Right-Wing Activist Puts a Price on Disinformation

(Photo: Laura Sennett, One People's Project)

Ali Alexander, a longtime right-wing activist with ties to far-right figures in the pro-Trump movement, offered a $2,500 reward for anyone who could disprove his claim that a man who appeared at Saturday’s “Demand Free Speech” rally in Washington, D.C., carrying an anti-Semitic sign was planted there by antifascist activists. Although Alexander was offered proof he was wrong, he hasn’t paid.

In a video uploaded to Periscope yesterday, Alexander—who previously went by Ali Akbar—claimed that the man who appeared at Saturday’s rally with a sign that said “Jews Own USA” was an antifascist activist posing as a right-wing rally-goer in order to smear other rally attendees as anti-Semites. Later in the video, Alexander floated the possibility that the man had been placed in the rally as part of a plot to murder anti-Muslim speaker Laura Loomer, who is Jewish.

(Photo: Adele Stan, Right Wing Watch)

Alexander gave two pieces of information to support his claim: that the sign carried by the alleged provocateur was mounted on a wood stick, and that the man had a physical appearance that led Alexander to believe he was not right-wing. Placing a sign on a wooden stick is “actually a technique of the left that was given to them by the Russians,” Alexander claimed. Alexander also claimed the anti-Semitic man was friendly with antifascists after he was ejected from the rally—a claim that runs contrary to multiple eyewitness accounts, including that of reporter Rachel Kurzius, who tweeted she saw the man engaged in “a verbal altercation with antifa.”

“Anyone who can prove me wrong on this story—the first person who can prove that I’m telling a lie—I will give $2,500 to,” Alexander said.

Freelance journalist Molly Conger and a leftist who goes as “Goad Gatsby” online responded to Alexander on Twitter with the information they gathered that identified the man who showed up to the rally as a little-known person named Shawn Jones.
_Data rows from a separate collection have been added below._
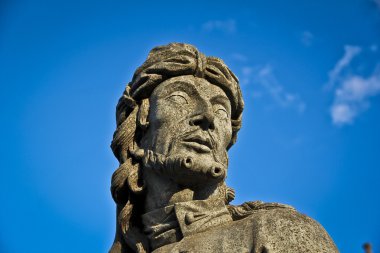 Aleijadinho Peygamber. Congonhas. Minas Gerais, Brezilya.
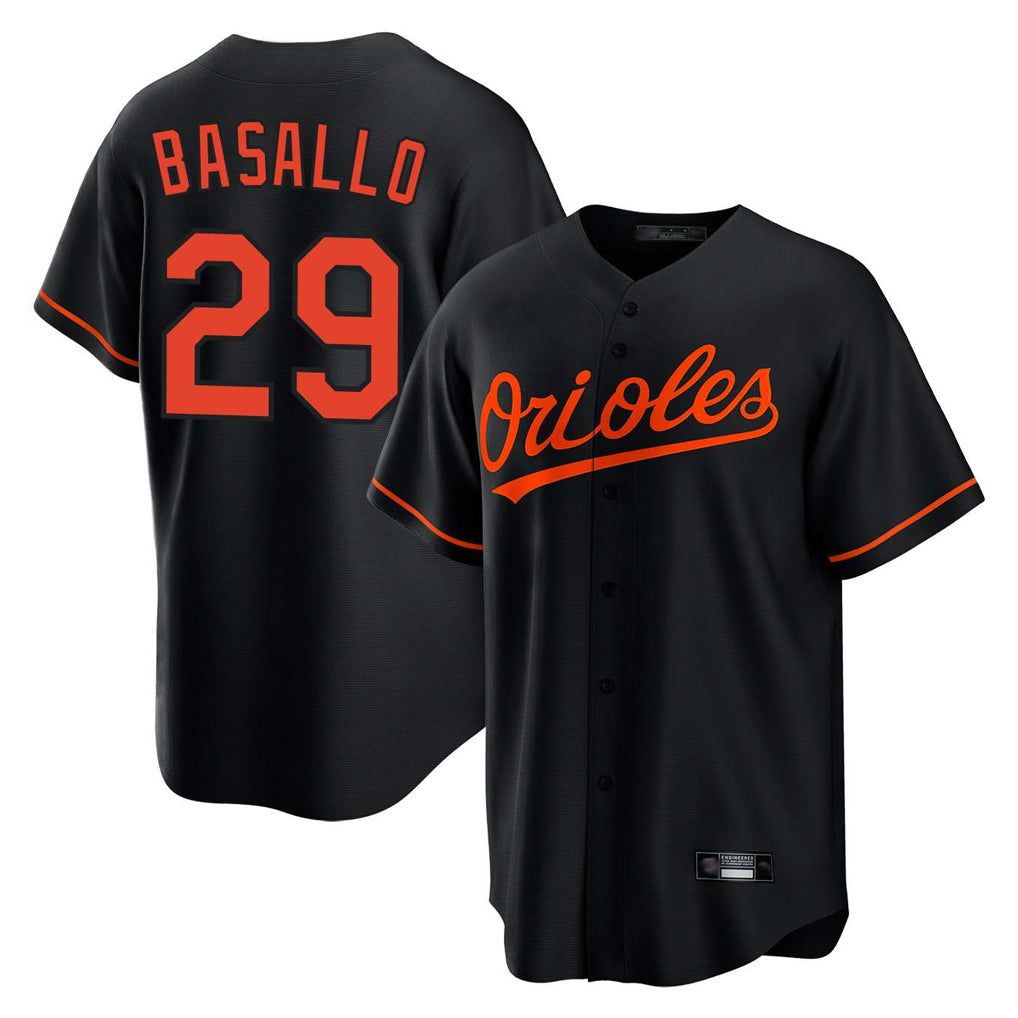 Fenge B.Orioles #29 Samuel Basallo Player Black Home Game Stitched Jerseys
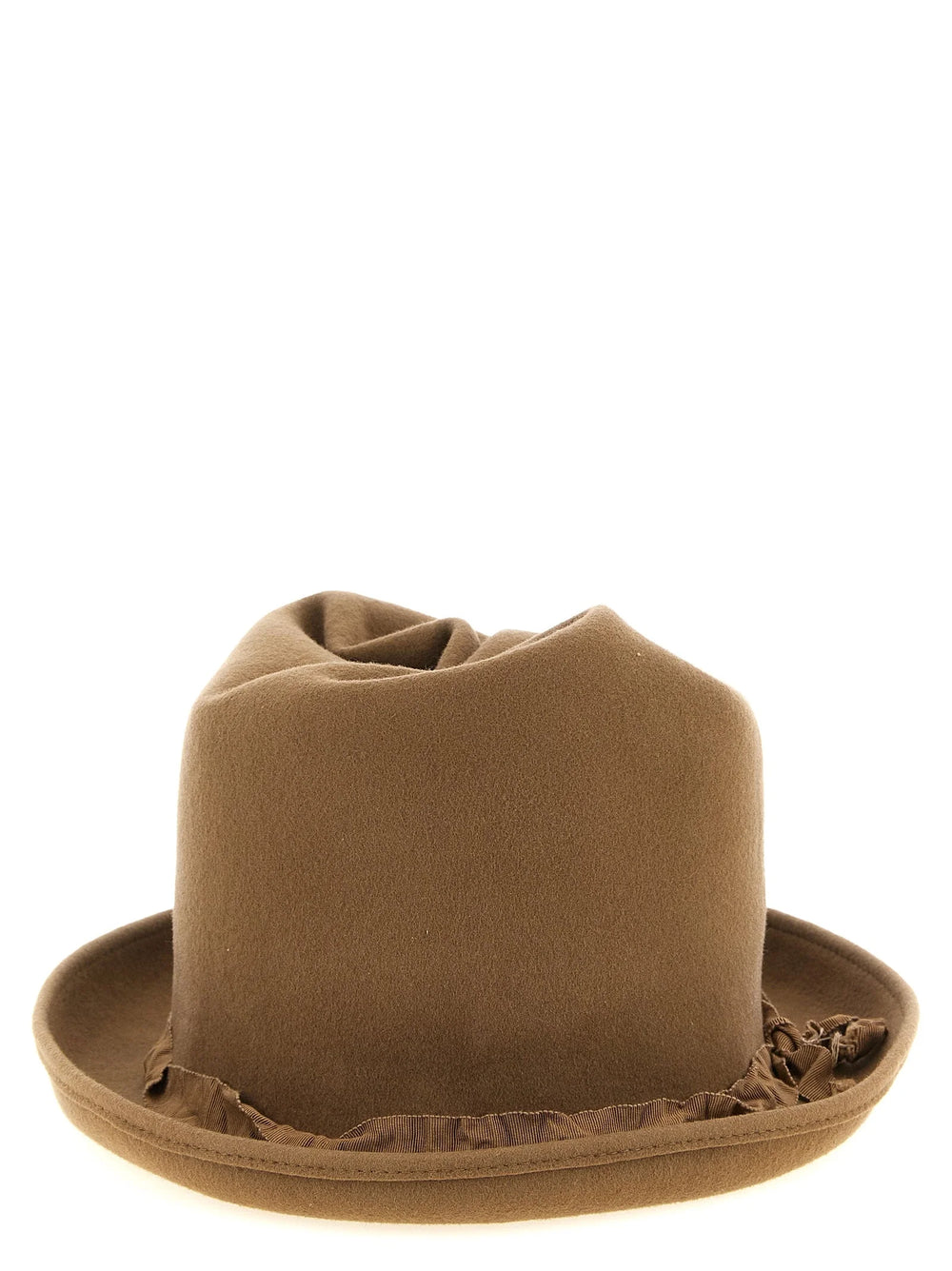 Yohji Yamamoto Beige Wool Fedora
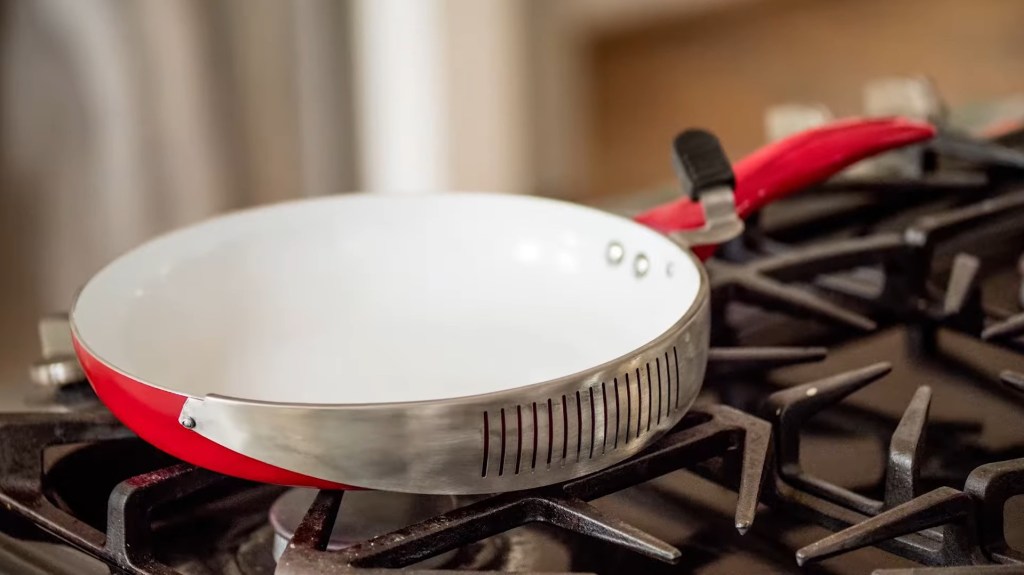 Handy Pan Frying Pan With Strainer Shark Tank Update Where Is Handy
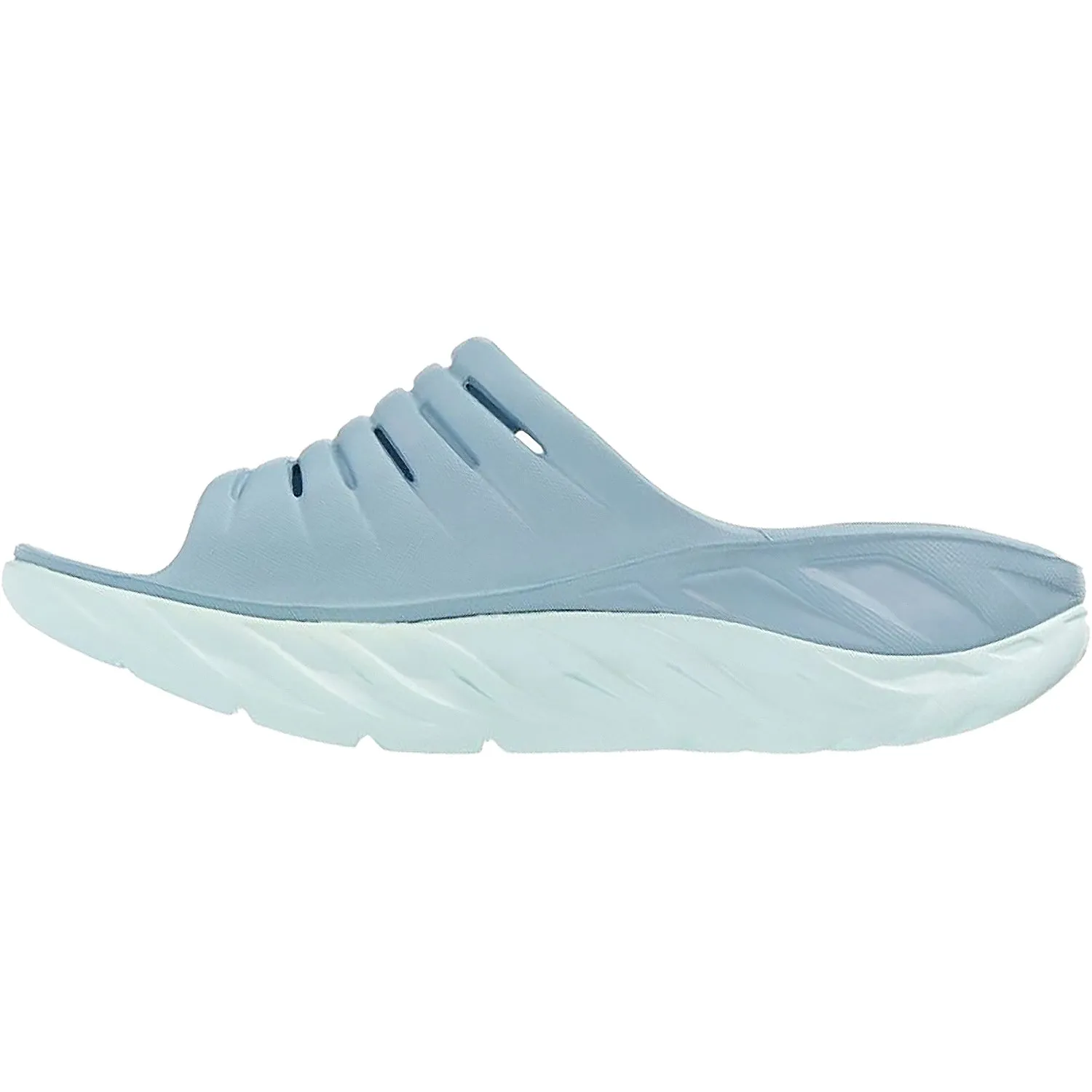 Women's Hoka Ora Recovery Slide Blue Fog/Blue Glass EVA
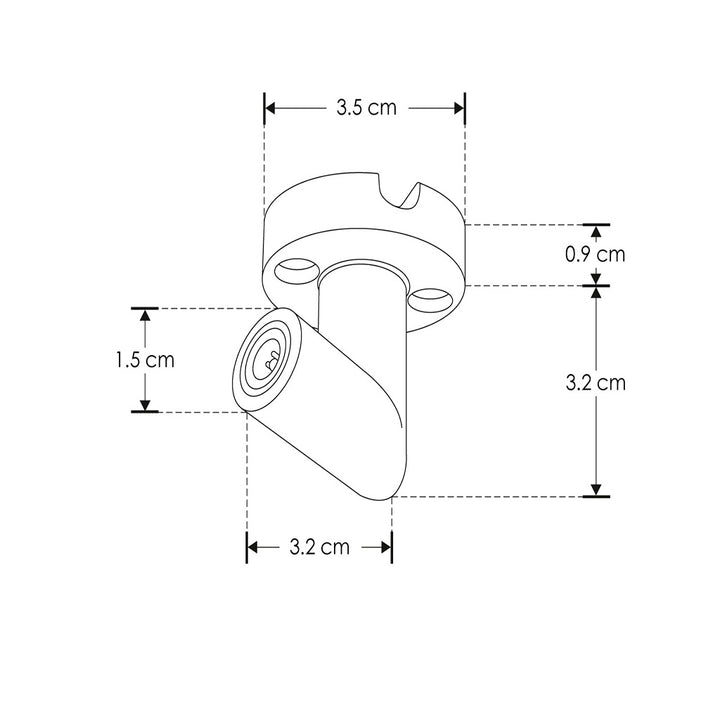 Conector vertical hembra 90° policarbonato acabado negro para luminarios de la serie ILURBK para luminarios de la serie RUB CUBE de iLumileds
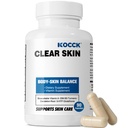 Hormonal Acne Treatment, Clear Skin Supplement, 5-HTP, Nature DIM Supplement, Skin Care Vitamins, Hormone Balance, Daily Using 2 Capsules, 90 Capsules. (Milk)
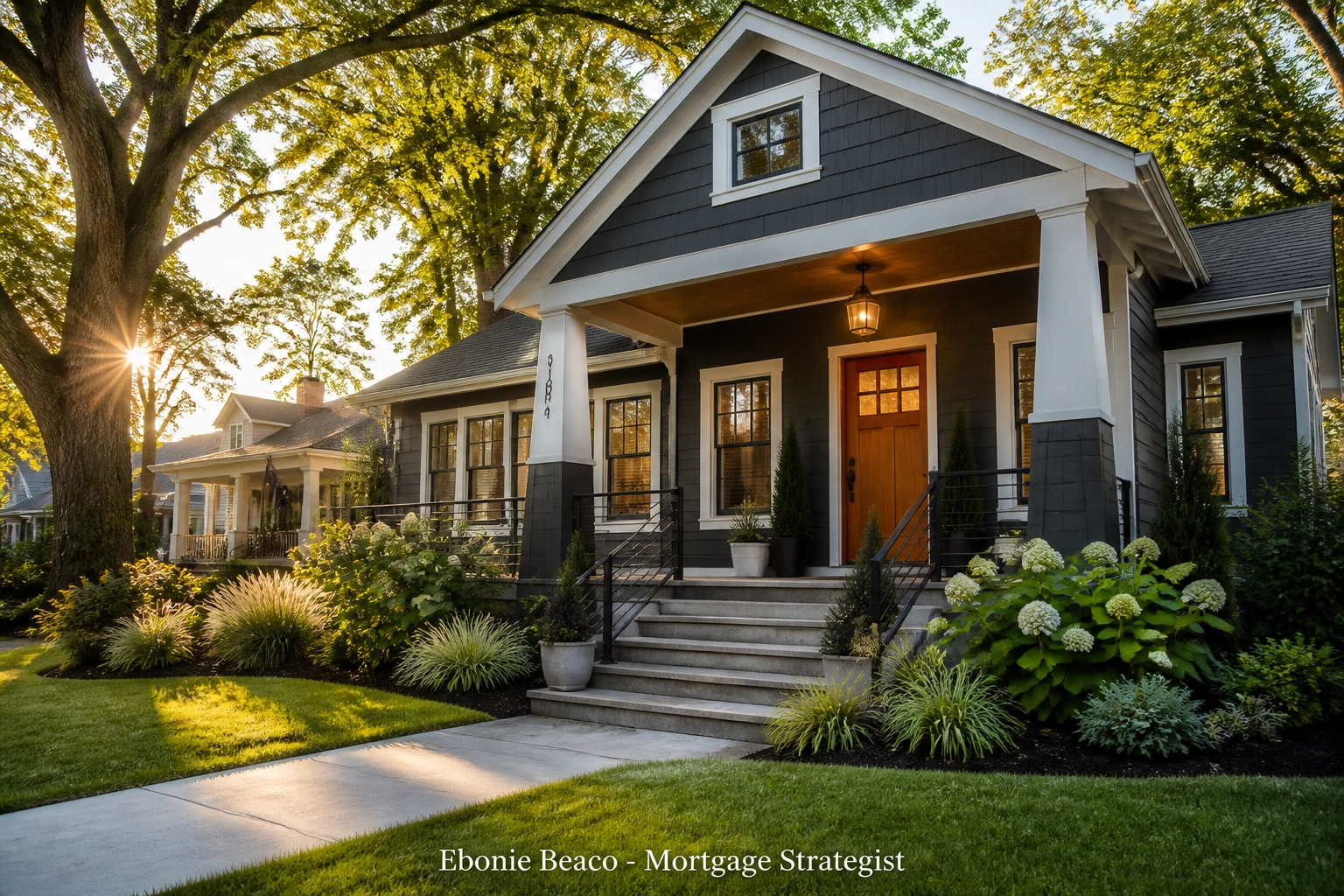 Modern Atlanta bungalow in a gentrifying neighborhood, an example of a successful Atlanta DSCR loan investment.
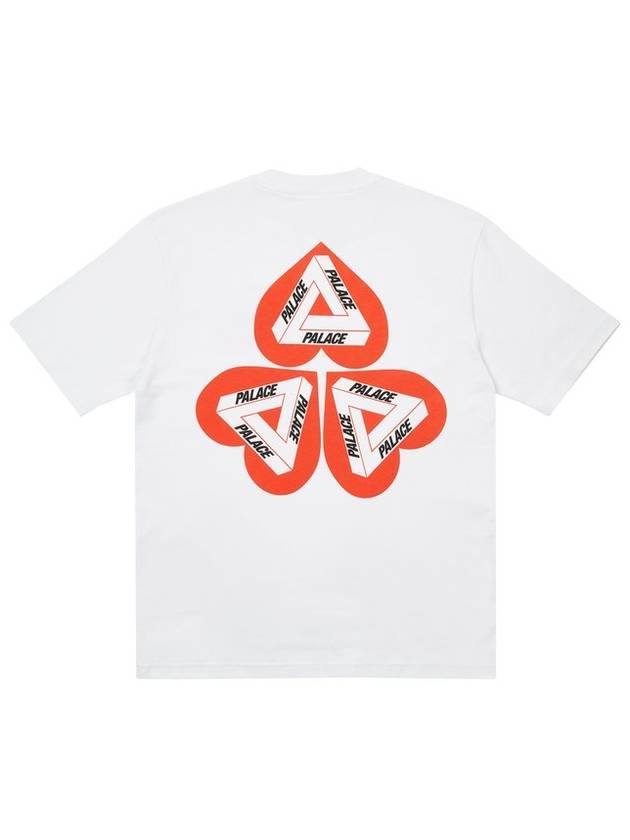 Heart Short Sleeve T-Shirt White - PALACE - BALAAN 2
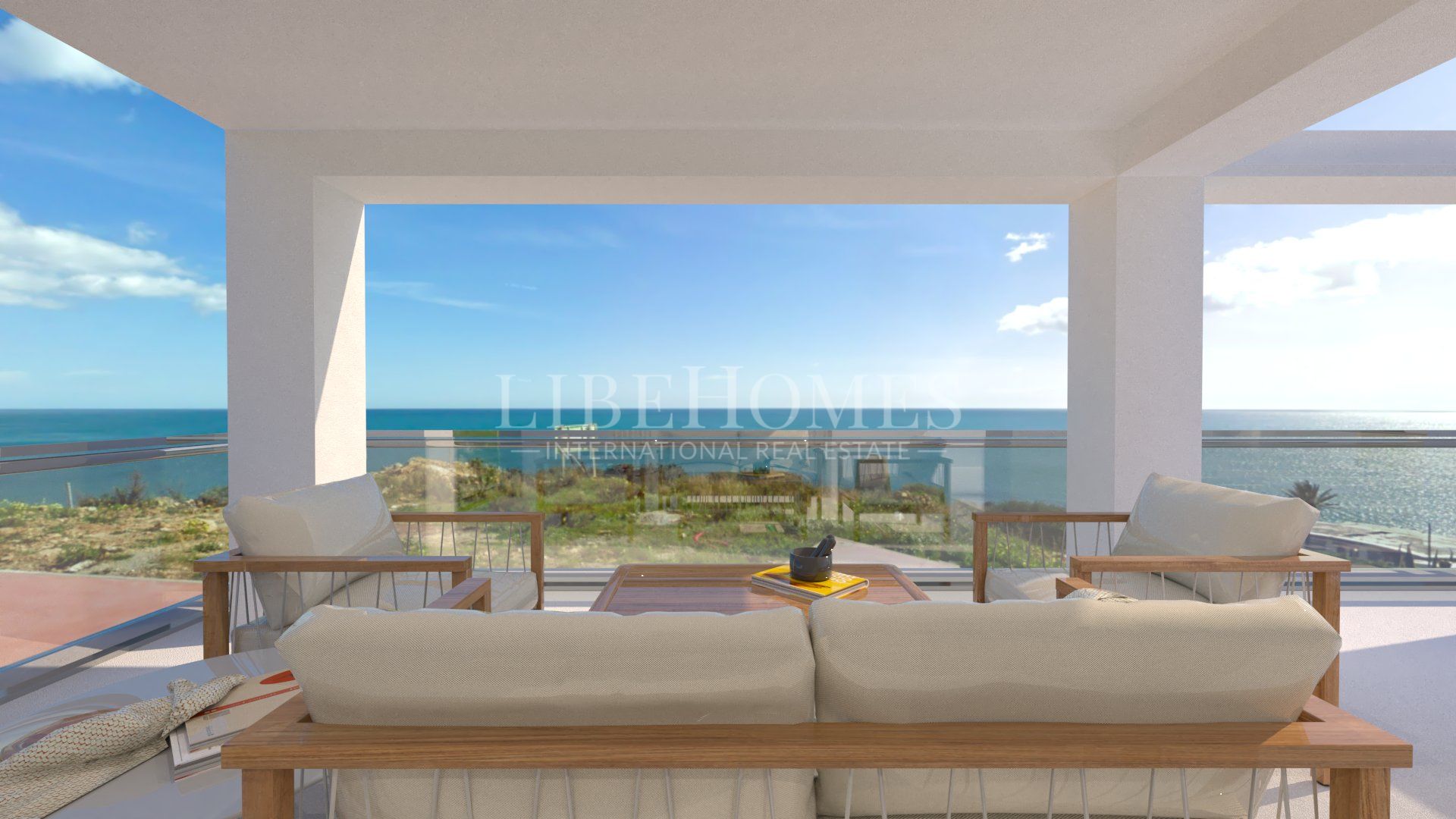 Villa neuve, belle vue sur la mer et Sotogrande, à Chullera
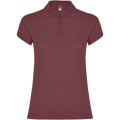 Star Poloshirt für Damen, Beerenrot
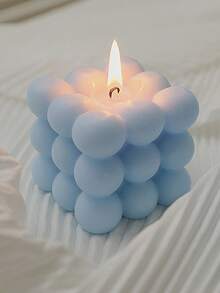 1 PC, Creative Bubble Cube Candle, Scented Soy Wax Candle, Minimalist Aesthetic Decor, Home Aromatherapy Decorative Candle, Bedroom Decorations, Christmas Decorations, Wedding Centerpiece, Birthday Gift, Valentine's Day Gift. - Multicolor - View 7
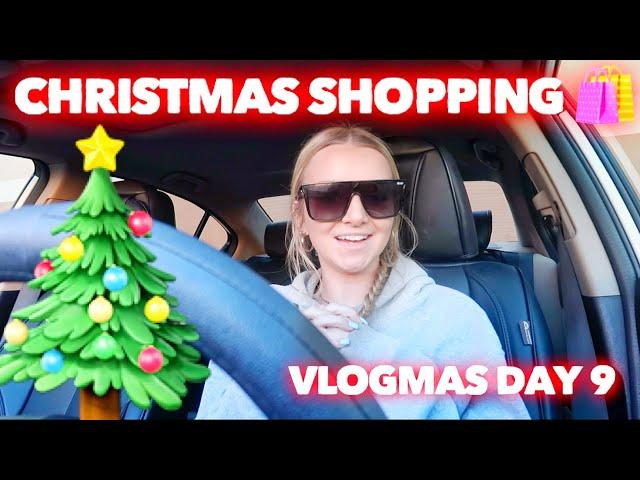 CHRISTMAS SHOPPING!! | VLOGMAS DAY 9 | Bryleigh Anne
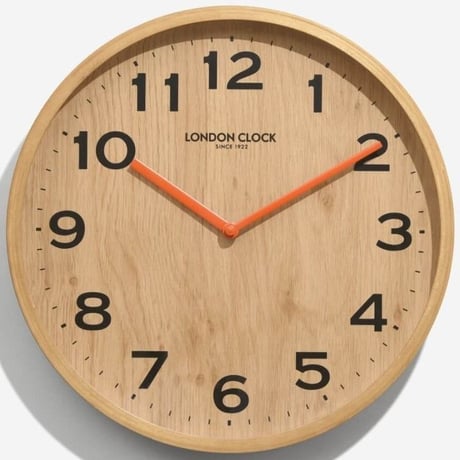 ロンドンクロック◆LONDON CLOCK  1229◆ユニークな壁掛け時計(ウッドブラウン)◆UNIQUE WALL CLOCK - WOOD BROWN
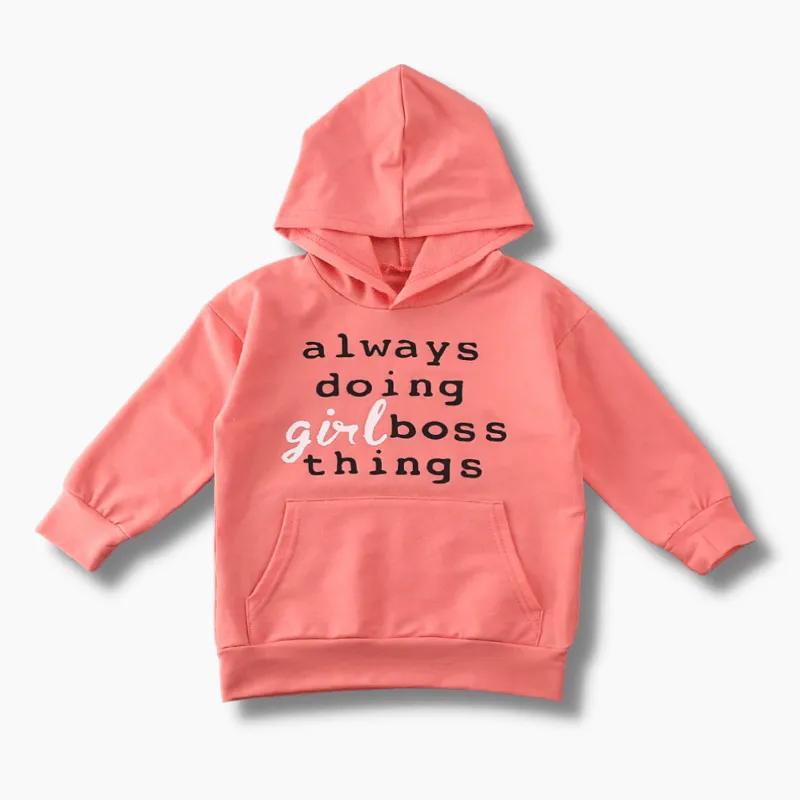 "Always Doing Girl Boss Things" Hoodie Dress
Conger located Ohio court records showing Jones had been convicted for domestic violence twice and discovered Jones had been posting his anti-Semitic views online for at least the last five years. Right Wing Watch was unable to find details online that suggested Jones had ever been involved in antifascist organizing.

Rather, a review of his social media profiles, some of which have been archived, indicates that Jones expresses particularly alt-right viewpoints, and is vehemently anti-Semitic. In a video he uploaded to YouTube after the right-wing rally, he claimed he was kicked out of the rally in Washington after he began accusing organizers of being led by Jews and of not being “the real alt-right.” On Facebook, Jones wrote that he should have “been more agressive and tried to fight all the large groups” of both pro-Trump and antifascist activists who confronted him about his anti-Semitic signage. In other posts, he alleged that antifa and liberal groups were created by the government, and derided them for rejecting his anti-Semitic message.

While doubling down on his theory in a tweet, Alexander nonetheless recycled the information sent by Conger and Gatsby to counter his claim. Alexander did not pay them the promised reward, Conger and Gatsby told Right Wing Watch.

Right Wing Watch reached Alexander and asked whether he had more information to support his claim that Jones was planted in the rally by antifascists.

“That’s my educated guess since he was caught on and off camera paling around with violent left-wing Antifa. I’m glad I was the one who kicked out the anti-Semite who put us all at risk and rushed the stage to harm me, as the video shows,” Alexander said via Twitter direct message. He declined to comment further.

Alexander did not respond to Right Wing Watch’s request for the footage he claimed to have allegedly showing Jones interacting in a friendly manner with antifascists, and he did not answer whether he planned to pay those who debunked his claim.

Alexander is reportedly attending the White House’s Social Media Summit on Thursday. Recently, Alexander was implicated in a smear campaign against Democratic presidential hopeful Kamala Harris.